Immigration also plays a role here. Increased ICE enforcement and visa restrictions could disrupt the healthcare workforce and deter immigrant patients from seeking care.
Re-thinking risk management for health systems
Entering 2025, healthcare systems already faced a variety of financial and operational risks, including razor-thin margins, rising costs, workforce shortages, cyber threats, and growing regulatory requirements. The proposed policy changes outlined above exacerbate those risks and force providers to divert critical resources to rapidly assess and respond to them. Each system must independently interpret these complex proposals, assess risks, and implement response plans—resulting in fragmented response efforts nationally. This reactive cycle isn’t new; COVID-19, cybersecurity breaches, inflation, and reimbursement threats have exposed the challenges of decentralized risk management and the need for centralized risk intelligence. This approach does not provide health systems with the responsiveness or scalability they need to stay ahead of emerging threats and proactively manage new challenges—individually or as an industry.
Most enterprise risk management (ERM) solutions do not yet reflect the full complexity of healthcare models. As a result, many healthcare organizations still rely on internally-developed processes that reflect deep institutional knowledge but can limit consistency and make it more challenging to respond rapidly to emerging risks.

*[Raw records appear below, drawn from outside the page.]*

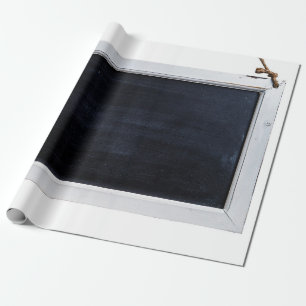 Tafelschild schwarz geschenkpapier
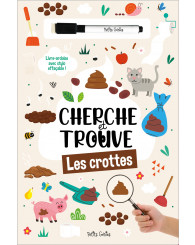 Cherche et trouve - Les crottes - PETITS GÉNIES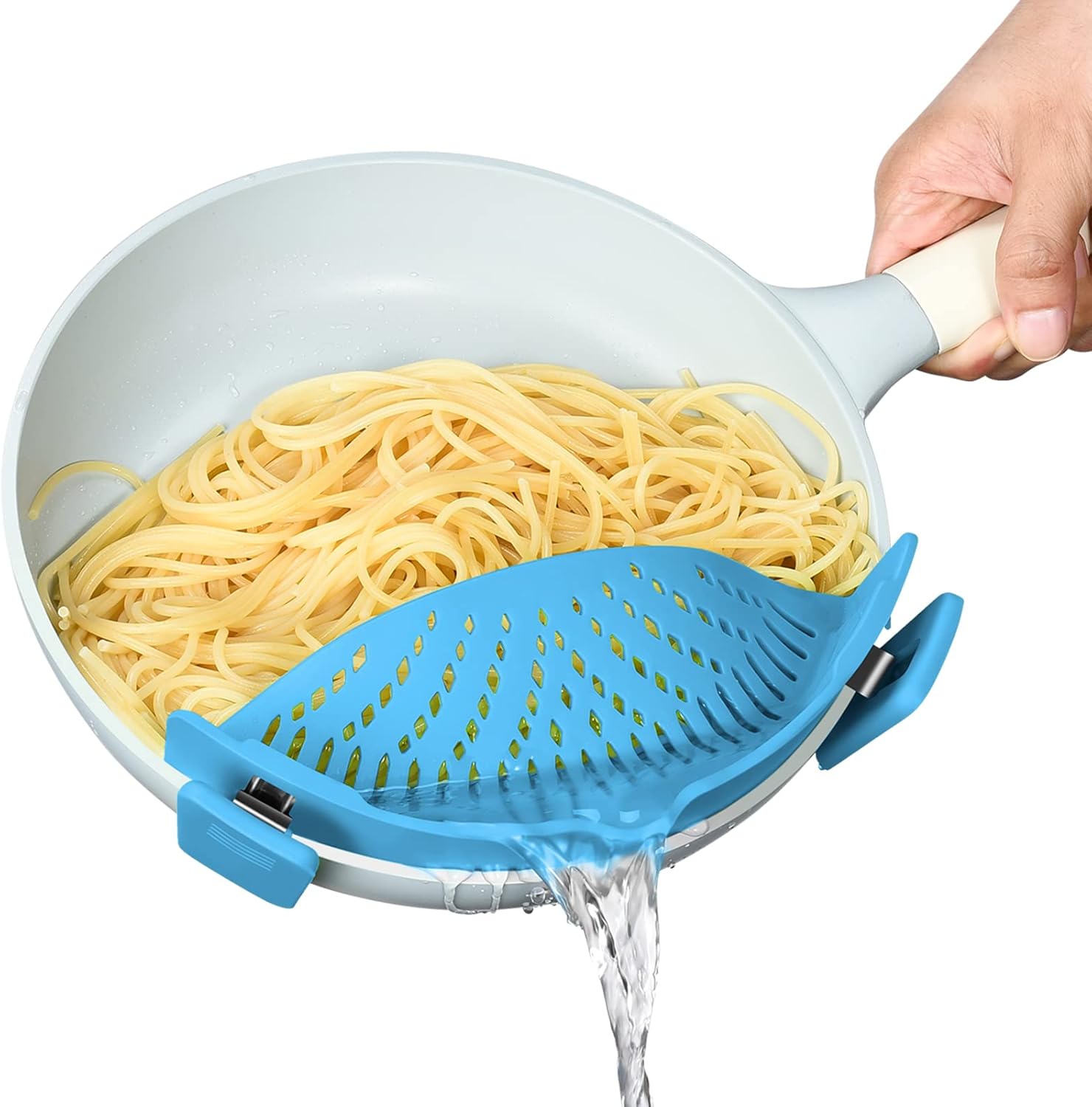 Hervimo Pasta Strainer, Clip on Strainer for Pots Pan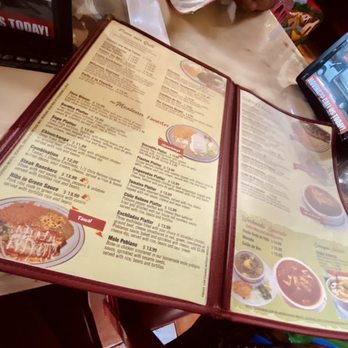 Del Carmen - Partial menu - Mexican Near Me - Dade City, Florida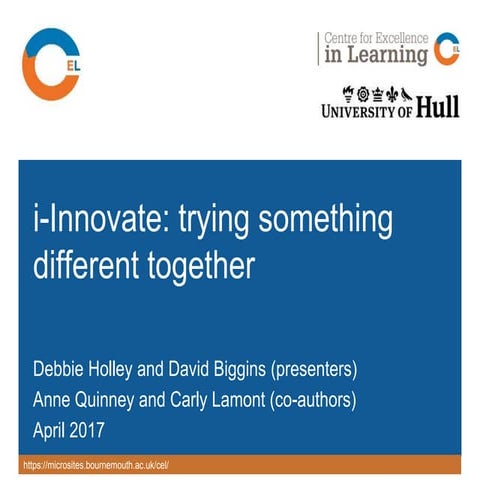 Innovating in higher education learning - 3 techniques to try out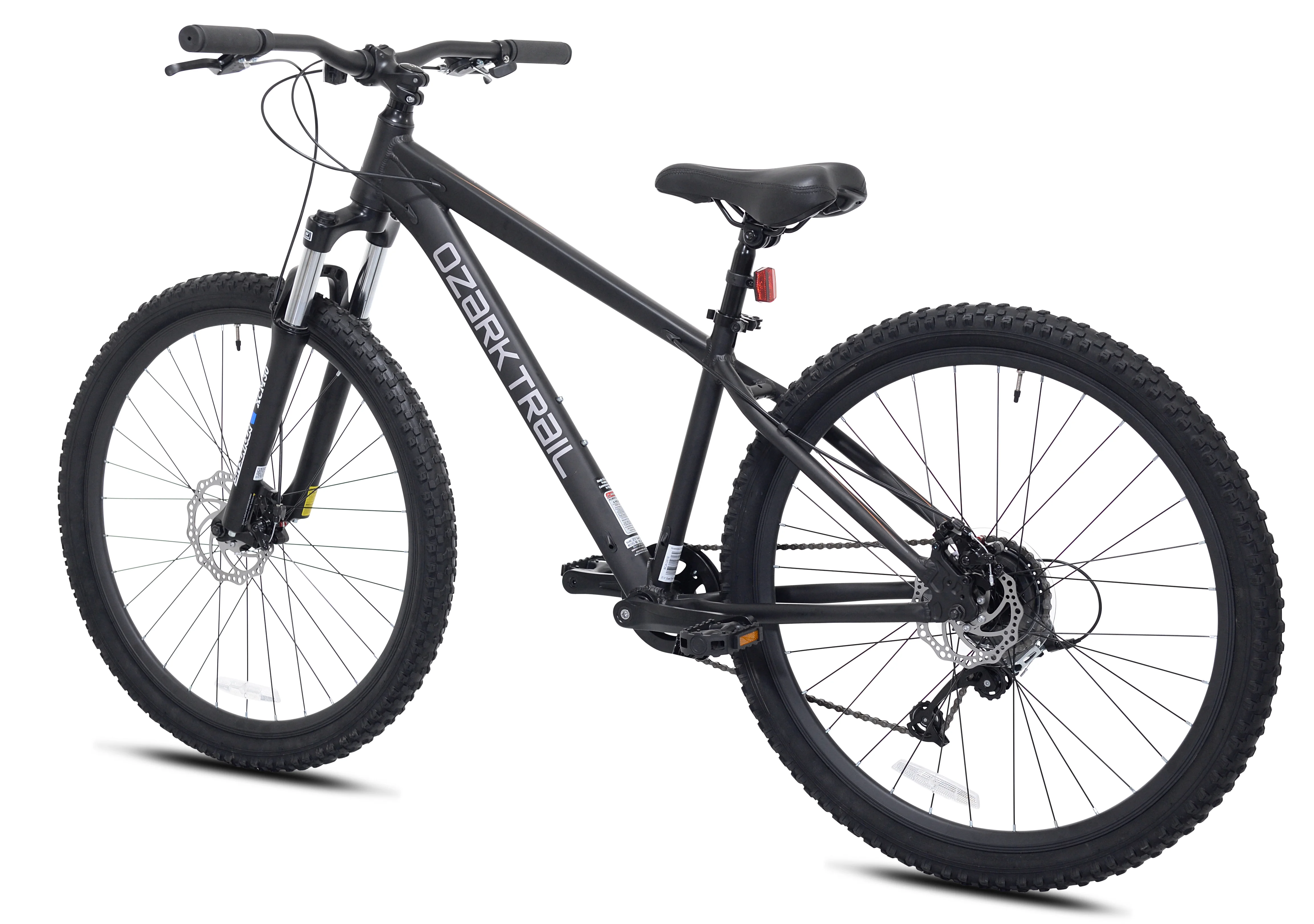 Ozark Trail 27.5" Vibe Mountain Bicycle, Small Frame, Fits Riders 5'0" - 5'6", Black, Adult, Unisex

Without a standard framework and shared intelligence, risk analyses often rely on qualitative judgment rather than hard data. Today, healthcare systems each define their own standards and risk management activities are often handled within individual departments. Creating more cross-functional and cross-organizational risk visibility would strengthen overall readiness and enable healthcare organizations to strengthen the connection between risk management, mitigation efforts, and the resulting ROI.

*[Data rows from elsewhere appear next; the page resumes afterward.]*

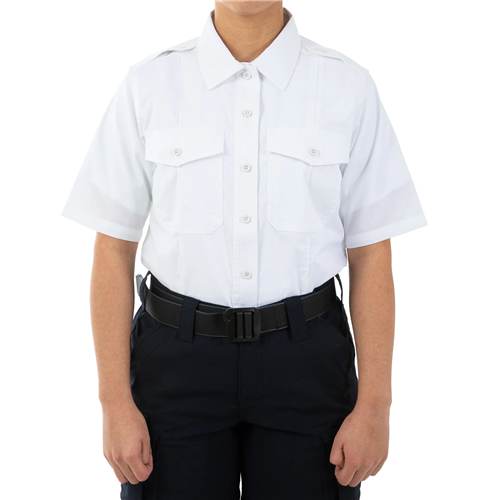 First Tactical Women's Patrol Duty Uniform Shirt - White, Medium, Model 122001-010-M-R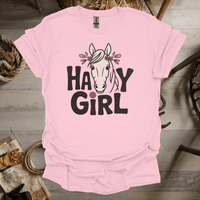Hay Girl (Adult Unisex Tee) Light Pink / S
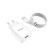 E03 Charger kit 18W QC + Cable Lightning white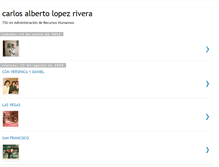 Tablet Screenshot of carlosalbertolopezrivera.blogspot.com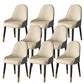 Faux Leather Dining Chair Parsons Home Dining Arm Side Chair Beige Gray 8 Piece Set Black Clearhalo 'Dining Chairs' 'Dining Tables & Seating' 'dining_chair' 'furn' 'furn_dining_chair' 'Furniture' 'Kitchen & Dining Furniture' 6752105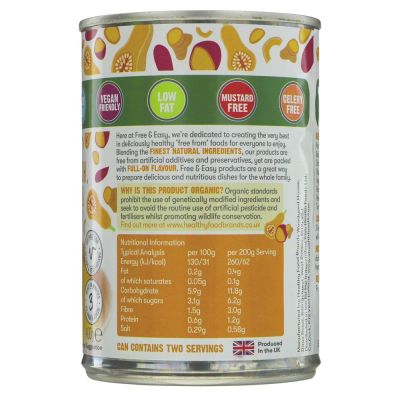 Free & Easy Butternut Squash Sweet Potato & Turmeric Soup 400g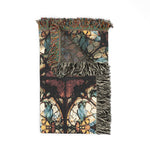 Stained Glass Mosaic Woven Blanket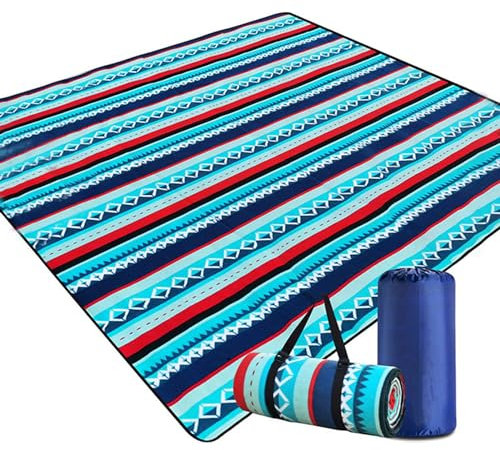 2 Stücke Picknickmatte Wasserdicht Isoliert Picknickdecke Waschbar Isoliert Mit Tragegriff Campingdecke Leicht Tragbare Strandmatte Perfekt Für Picknick Outdoor Camping Beach Park,L,Print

With that in mind, here’s what we believe is needed to change the way health systems approach risk management:
- A mechanism for collaboration and risk intelligence-sharing across healthcare systems. This includes a common language for risk with definitions and best practices.

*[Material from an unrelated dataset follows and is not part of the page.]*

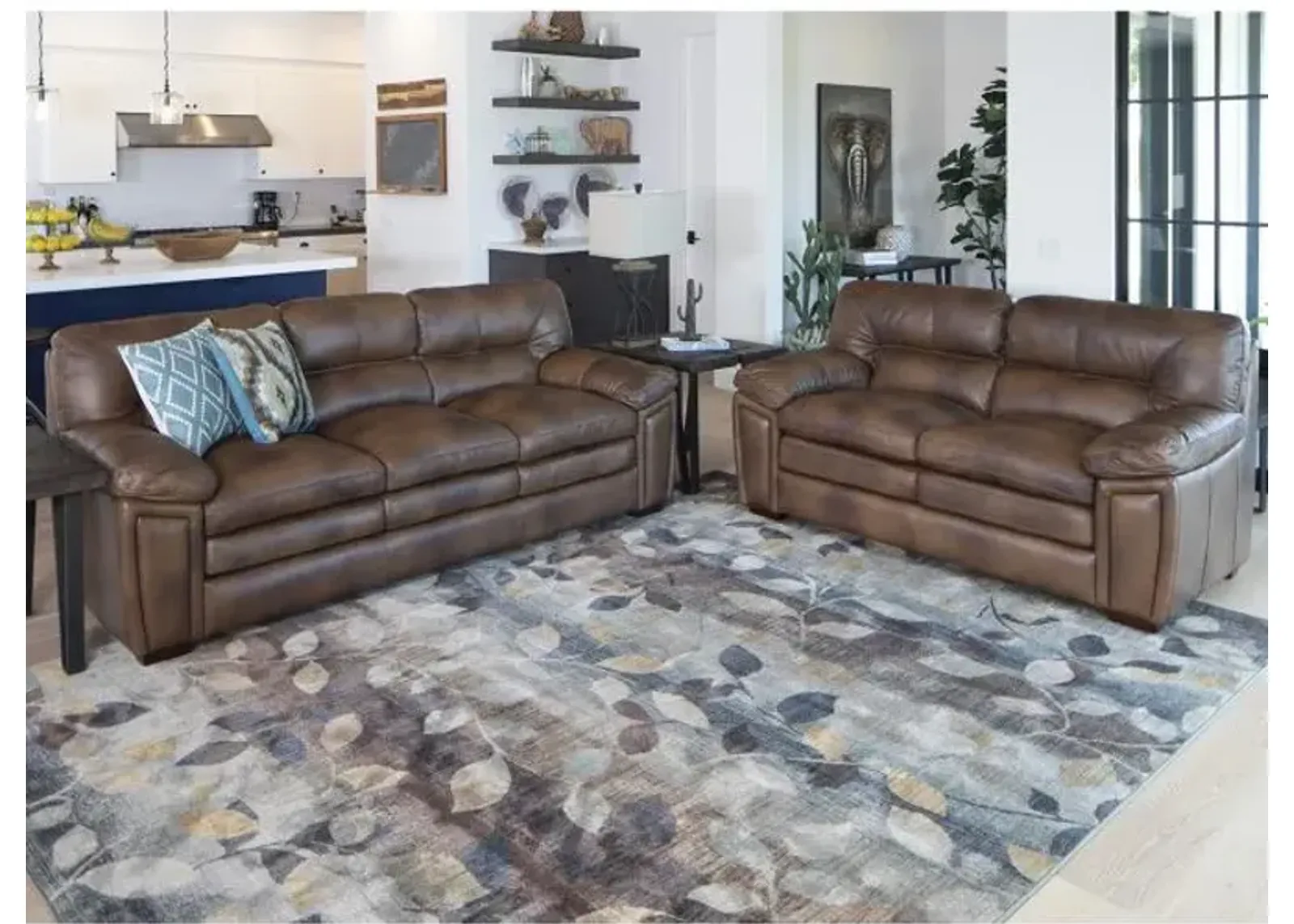 Henley Leather Living Room Set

- This common language will help providers quickly recognize, define, and prioritize the most significant risks to their enterprise.
- A more quantitative and data-driven approach to risk management, to complement the judgement and experience already in place.
- Automated risk management workflows that are integrated with existing information systems. This increases visibility and accelerates action across the organization.
- Connecting the organization’s most important risks with mitigating activities, including accountability and ROI tracking.
- Increased engagement across the organization. Risk management is everyone’s job, and leadership plays a critical role in setting the tone and ensuring visibility. Make sure the Board and executive teams have visibility into your risk management efforts, and have a forum to share their perspectives. Sharing relevant data will make this a lot easier.
Given the decentralized nature of current approaches, providers often face challenges in coordinating risk responses—highlighting the need for shared tools and insights. What’s needed is a standardized, cross-industry assessment of the environment and its accompanying risks. This will enable providers to be more proactive, make better informed decisions, and align on more responsive mitigation strategies.
About Jeff Ellis and Chris Giuliano
Jeff Ellis and Chris Giuliano are former Goldman Sachs healthcare investment bankers and co-founders of 1m, a risk management platform for healthcare providers which serves healthcare systems in the US. They are experts at the intersection of healthcare risk management, finance, and strategy.